Characterization of well-established GEMMs at SC resolution108 and compendiums of mouse SC transcriptomic data have facilitated the identification of genes with similar murine and human expression profiles109, ligand–receptor interactions across all cell types in a microenvironment of syngeneic mouse models110, and similarities across murine–human cell populations or subpopulations in lung cancer18 (Supplementary Fig. 2). Similarly, recent SC studies revealed mechanisms underlying chemotherapy-induced ototoxicity after comparing healthy and cisplatin-exposed mice111, as well as mechanisms of ICI-induced liver injury following comparisons of treated versus untreated mice95.

A growing number of public SC data sets, representing models of interest, healthy and diseased human donors, are enabling researchers to better assess translatability18,109,112 (Table 1).

Table 1 Examples of publicly available single-cell data sets and their applications in different phases of drug discovery

Drug screening and MoA analysis

High-throughput screening (HTS) in drug discovery is traditionally performed using coarse (cell viability or proliferation) or highly specific (marker expression) readouts. If a more unbiased phenotypic assessment is chosen, using bulk assessments such as RNA-seq assumes that all cells in the assay behave similarly. In comparison with bulk RNA-seq, SC transcriptomics offers more detailed views of the responding cell types, and the corresponding cell-type-specific changes (pathway, off-target effects, dose–response profiles), allowing for separation of confounding factors such as cell cycles. Therefore, HTS approaches have recently been combined with scRNA-seq readouts. Standard HTS tests a much larger number of compounds but typically at a single dose and under very limited biological conditions, whereas the novel HTS approaches that use SC gene expression readouts test several doses and conditions at the same time and are well adapted for drug MoA studies (Fig. 4).

Fig. 4: Single-cell high-throughput screening.
figure 4

a, Standard high-throughput screening (HTS) tests a much larger number of compounds than HTS using single cells, but typically at a single dose and a single biological condition. The most active compounds obtained by standard HTS must be further studied (for example, dose–response analysis) but finally provide hits that are the starting point for drug discovery of active and safe drugs. b, HTS using single-cell approaches allows for testing of several doses and conditions at the same time and it is mainly used for drug mode of action (MoA) studies. In the uniform manifold approximation and projection (UMAP) embeddings shown, each cell is coloured either by the type of perturbation or the perturbation dose. k, thousand; M, million; t-SNE, t-distributed stochastic neighbour embedding. Elements of part b adapted from: ref. 200, CC BY 4.0; ref. 115. © The Authors, some rights reserved; exclusive licensee AAAS.

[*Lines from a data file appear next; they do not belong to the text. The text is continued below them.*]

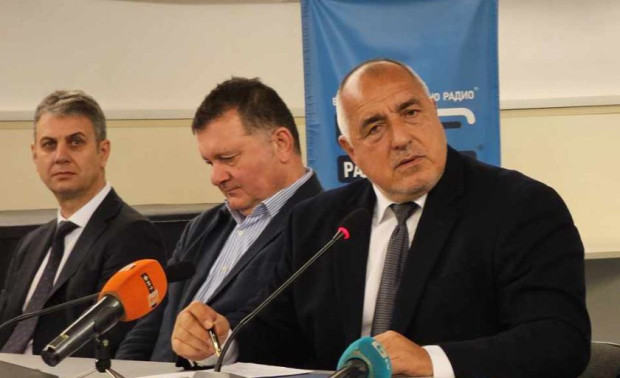 Лидерът на ГЕРБ забрани на бившия кмет на Варна Иван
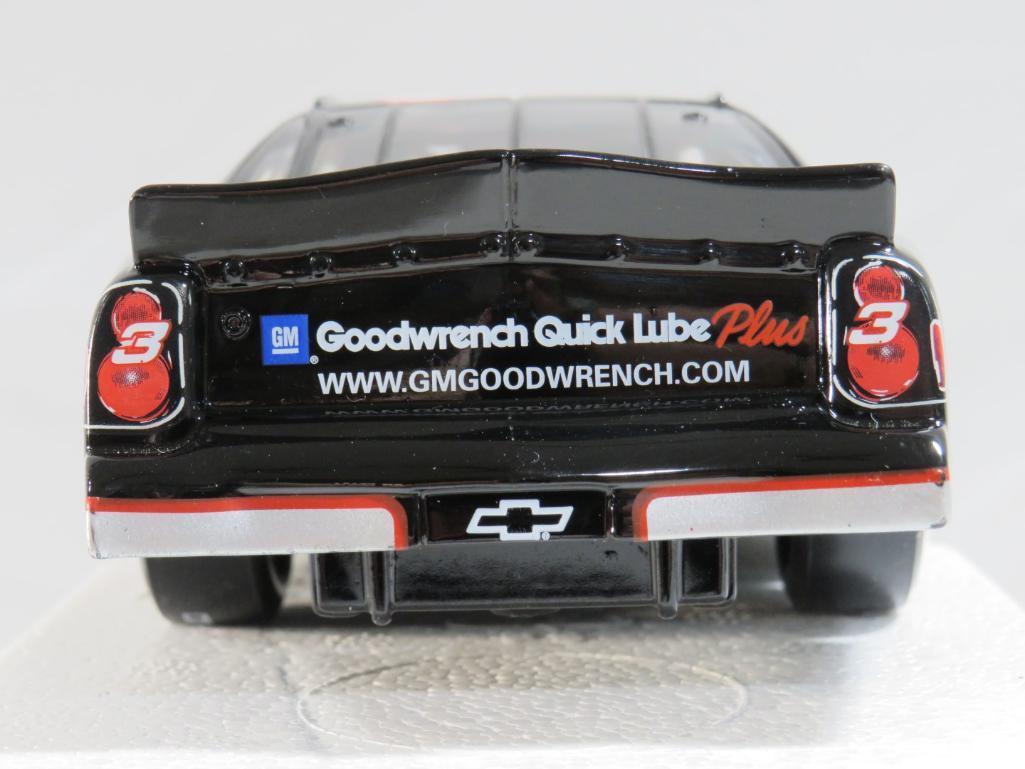 (3) Dale Earnhardt Racing Collectable Incl. Banks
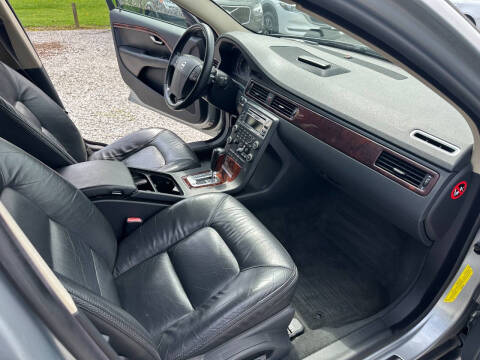 2008 Volvo XC70 3.2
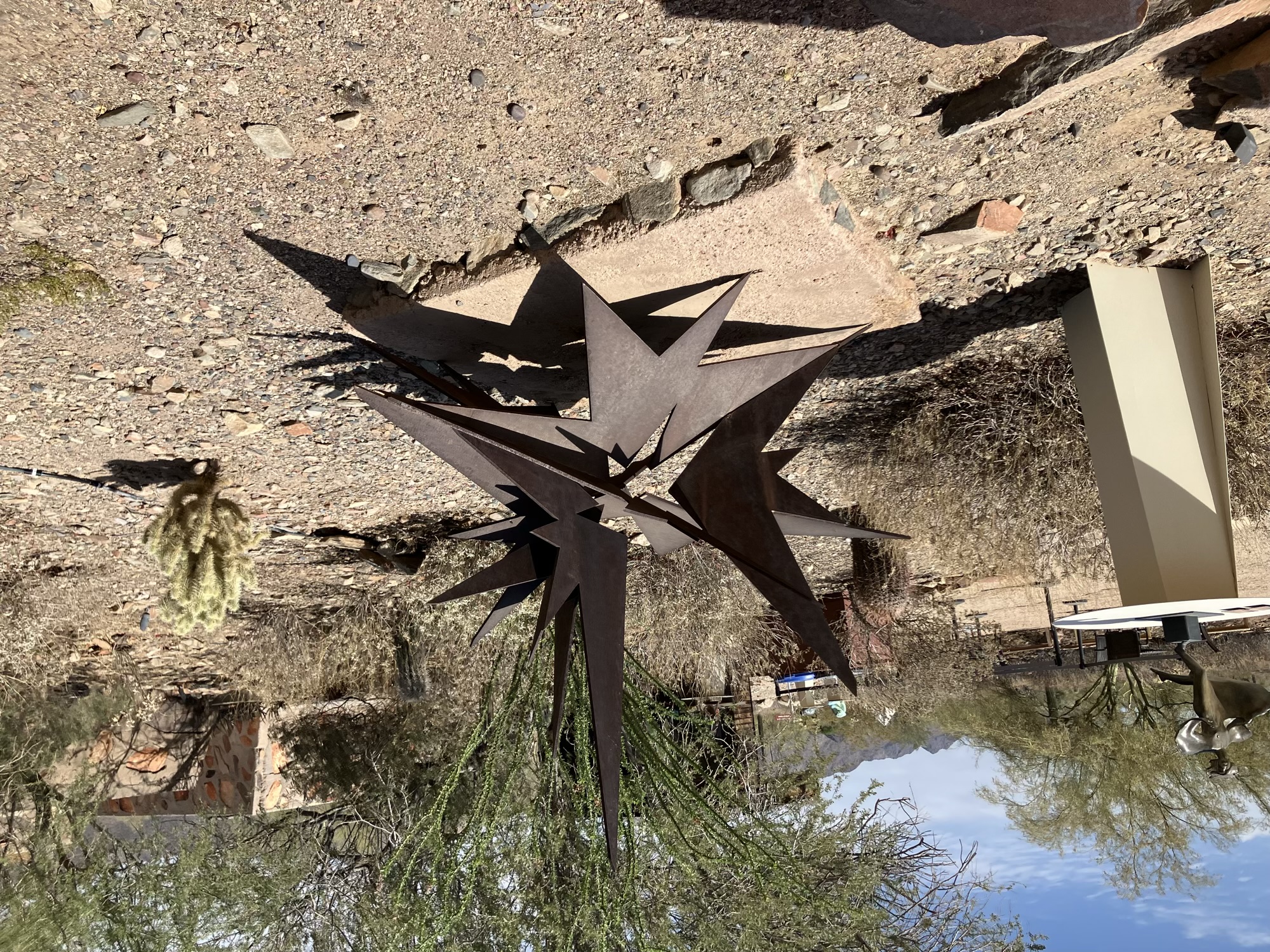 Frank Lloyd Wright’s Taliesin West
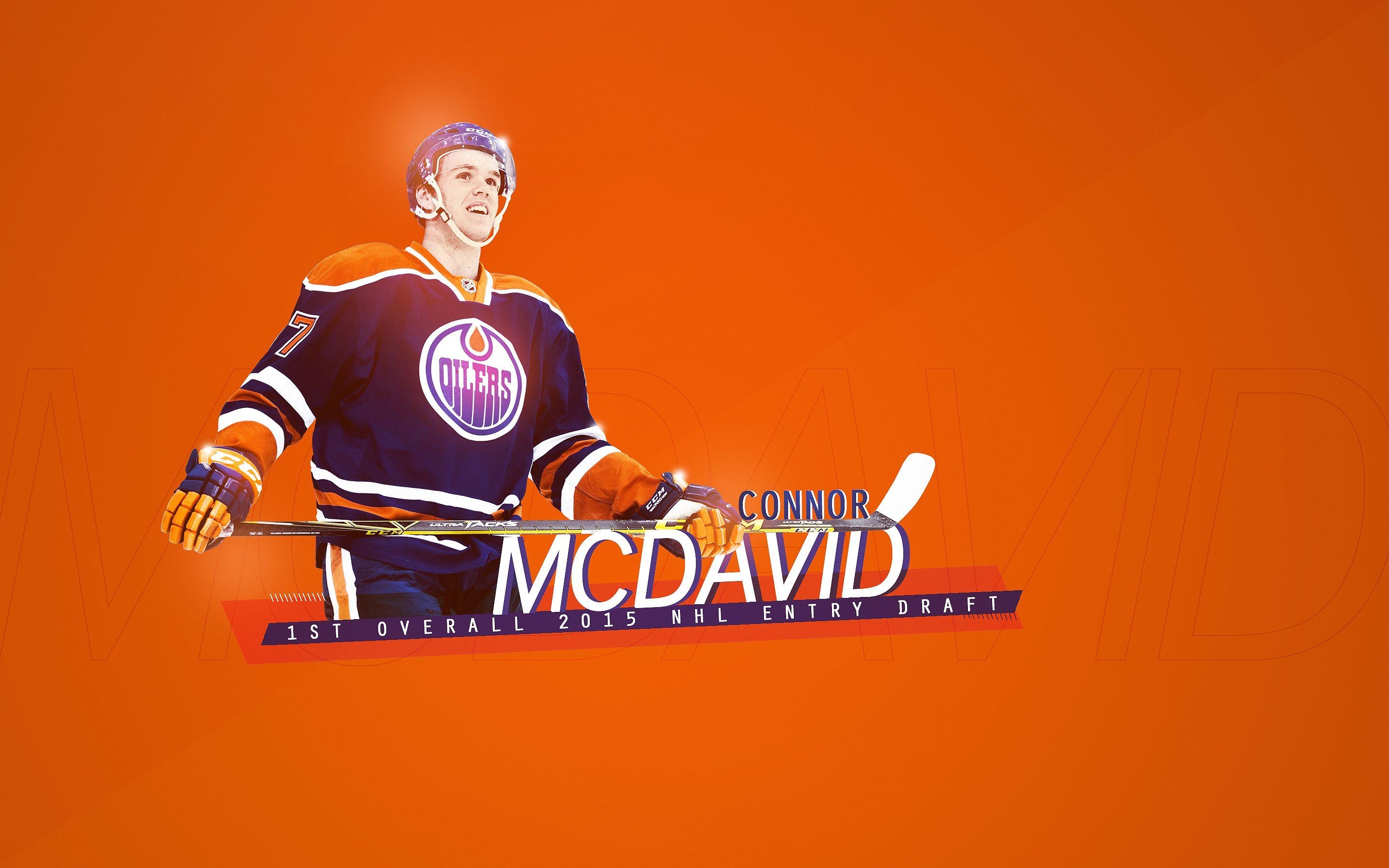 2880x1800 Connor McDavid Edmonton Oilers Desktop Wallaper HD, Desktop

To mitigate the costs of scRNA-seq as a readout for chemical perturbation studies and to increase its throughput, multiplexing techniques have been developed. Hundreds of compounds can now be simultaneously profiled, considering multiple doses, time points and cell types, leading to a comprehensive understanding of compound function at scale and SC resolution. Using pre-existing genetic diversity and barcode-labelled antibodies or lipids, samples originating from different experimental conditions (time points, compounds, dose) can be pooled together; techniques that are collectively called hashing. For example, MIX-seq increases throughput using single-nucleotide polymorphism (SNP)-based demultiplexing of scRNA-seq readouts of cell lines and has been used to identify treatment-induced transcriptional changes for 13 drugs on up to 99 cell lines113. Another application of this approach relied on transient transfection of cells with short oligo barcodes114. The technology was validated by first multiplexing cell samples from various species (human or mouse) and, in a subsequent experiment, by multiplexing different time exposures of a human chronic myelogenous leukaemia cell line to a drug perturbation (imatinib, a BCR–ABL-targeting drug). Multiplexing the response of this cell line to 45 drugs (mostly kinase inhibitors) revealed drug-induced differential gene expression. A recent extension of single-cell combinatorial indexing sequencing (sci-RNA-seq), called sci-Plex, introduces a precursory step for sample multiplexing by single-stranded DNA (ssDNA) oligo uptake in single nuclei. This technique has been applied to screen exposure of 188 compounds in three cancer cell lines and profiled up to 650,000 cells115. Common and dose-dependent pathways associated with HDAC inhibitors, interfering with epigenetic cellular mechanisms, across these three diverse cancer cell lines were discovered. A metabolic consequence to depletion of cellular acetyl-CoA reserves in HDAC-inhibited cells was found, providing insight into the MoA of histone deacetylase (HDAC) inhibitors.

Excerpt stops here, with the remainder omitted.